Annibale Carracci (b1560 d1609) Holy Women at Christ's Tomb Date  c1590 Oil on Canvas

Dum transisset Sabbatum (When the Sabbath was past) was one of Taverner’s most greatly admired pieces of music during his lifetime and subsequently. There are several reasons for this, one of them being that it was one of the first pieces of music to adopt what was at the time a startling format of setting to polyphony that which heretofore had been chanted. Another is the close relationship of the text to music and the soaring musical phrases that seem to flow through the piece. It’s one of my favourite Taverner compositions. It’s performed here by the Choir of Christ Church Cathedral, Oxford, under Stephen Darlington. You’ll find it, the text, and a translation to English below the fold. Enjoy :-).


[audio:|titles=Dum transisset Sabbatum1 – Taverner]

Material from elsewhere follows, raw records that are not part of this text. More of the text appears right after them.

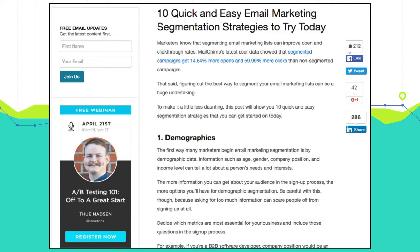Let's apply these three key points to two different websites. First, we have an article from Kissmetrics, which is an analytics platform for marketers. The article is entitled '10 Quick and Easy Email Marketing Segmentation Strategies to Try Today.' Off the bat, this title is very specific — we're going to learn 10 different segmentation strategies we can implement today. We won't have to sit and read a novel; this information is both consumable and actionable. This definitely qualifies as legitimately superior branding.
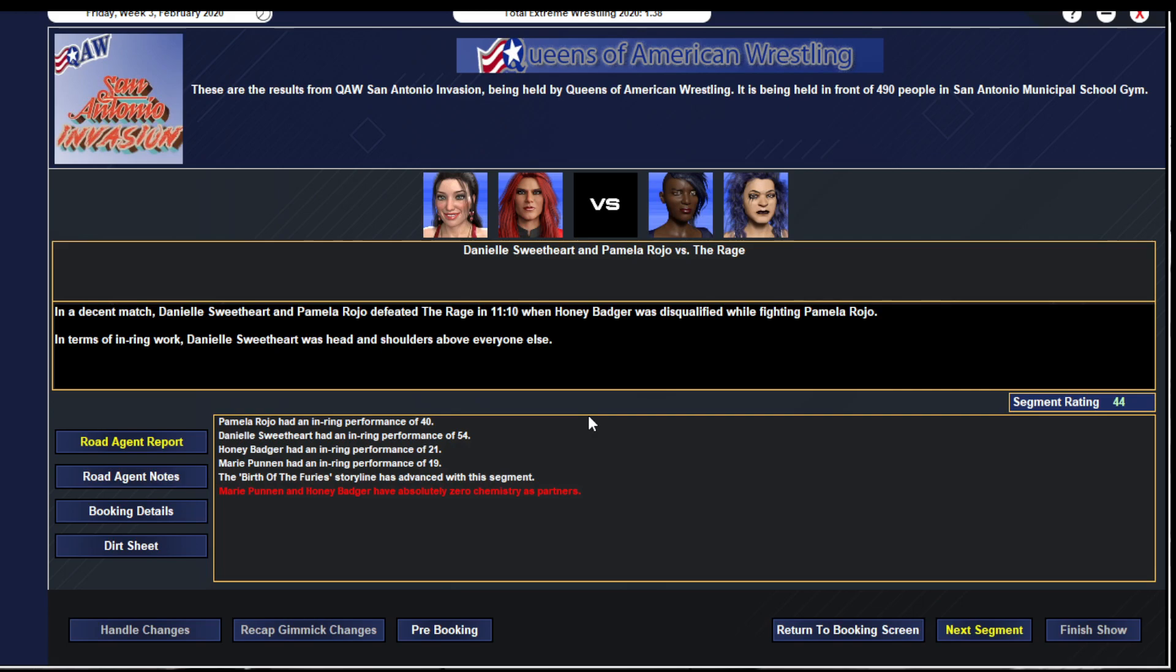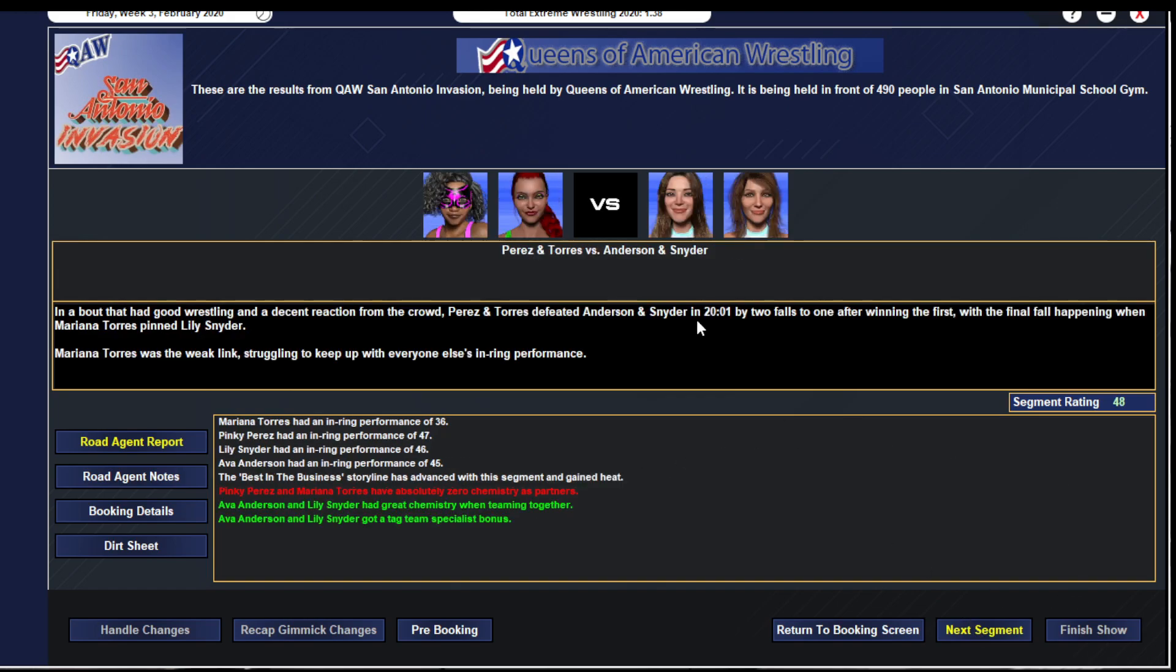Tag team champions the Rage, Honey Badger and Marine Puning, take on Daniel Sweetheart and Pamela Rojo. Back and forth match, Dangerous looks like the top tier talent that she is but eventually gets knocked out. Pamela Rojo fights on but just when it looks like Rojo is firing back, Marine Puning comes in with the title belt and whacks Pamela from behind. Ref calls for the bell, heels leave to the boos. Gets a 44. Rojo gets a 40, Sweetheart gets a 54, Badger gets a 21, Puning gets a 19.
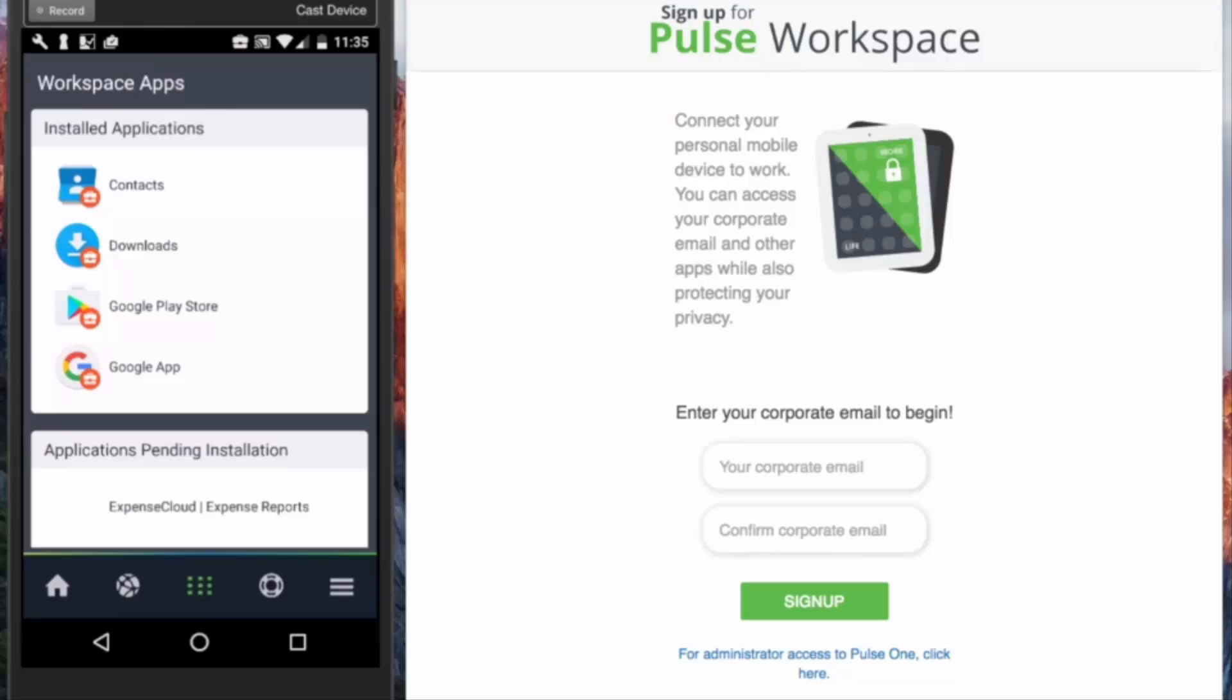Now we have successfully registered the device. If you have any further questions, please visit pulsesecure.net. Thank you.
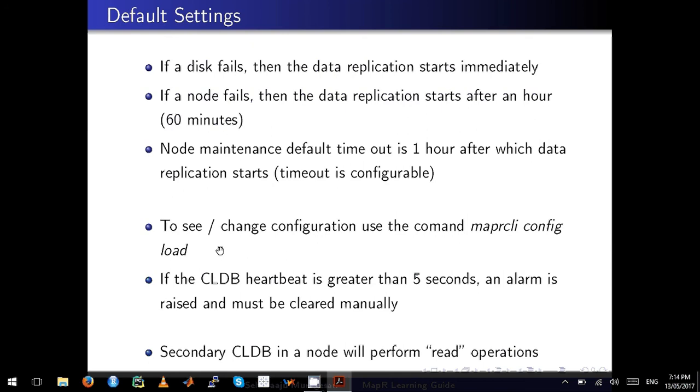The other important thing to remember is if the CLDB heartbeat is greater than 5 seconds, an alarm will be raised and it must be manually cleared, and you have to investigate why the heartbeat is greater than 5 seconds. Remember, the secondary CLDB in the node will only perform read operations.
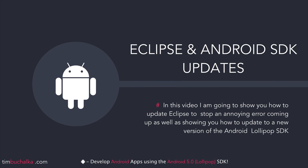In this video, I'm going to walk you through how to update Eclipse to stop an annoying error coming up and to ensure that it's compatible with the latest Android SDK. And speaking of the Android SDK, I'm going to also show you how to update to the new version of the SDK that came out after I recorded these videos. So let's make a start.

Text: Dum transisset Sabbatum I

Dum transisset Sabbatum,

Maria Magdalene et Maria Jacobi

et Salome emerunt aromata,

ut venientes ungerent Jesum. Alleluia.

Et valde mane una Sabbatorum

veniunt ad monumentum orto iam sole.

Gloria Patri et Filio et Spiritui Sancto.

Mark 16: 1, 2; Third Respond at Matins on Easter Day

When the Sabbath was past,

Mary Magdalene and Mary the mother of James, and Salome, bought sweet spices,

that they might anoint Jesus. Alleluia.

And very early in the morning, the first day of the week, they came to the sepulchre at the rising of the sun.

Glory be to the Father and to the Son and to the Holy Spirit.